■ Task statement
Without changing a thing, reproduce the entire listing and leave out its pictures.

■ Data
- Opening Delimiter -
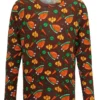The Christmas Shop Womens Long Sleeve Tee With Christmas Dinner Print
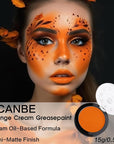UCANBE Orange Face Body Paint Makeup Foundation, Professional Blendable Cream Greasepaint, Face Painting Kit for Adults Children Halloween Party, SFX Scary Pumpkin Face Makeup, Costume & Cosplay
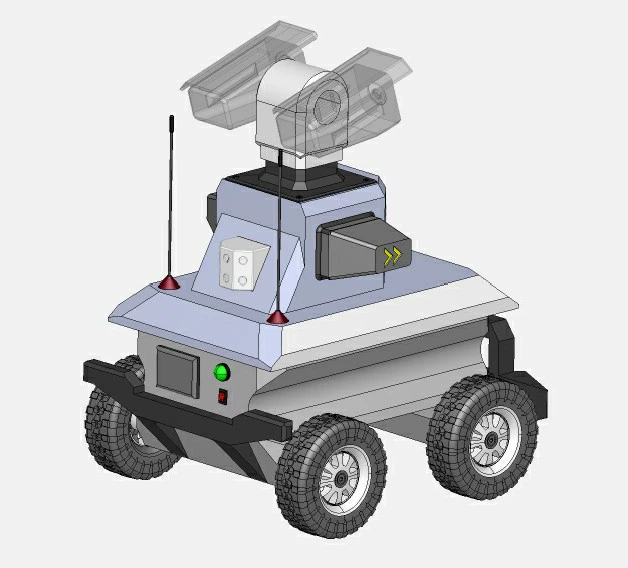 XY369-轮式巡检机器人结构设计【含SW三维图】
- Closing Delimiter -
■ Answer area
The Christmas Shop Womens Long Sleeve Tee With Christmas Dinner Print
UCANBE Orange Face Body Paint Makeup Foundation, Professional Blendable Cream Greasepaint, Face Painting Kit for Adults Children Halloween Party, SFX Scary Pumpkin Face Makeup, Costume & Cosplay
 XY369-轮式巡检机器人结构设计【含SW三维图】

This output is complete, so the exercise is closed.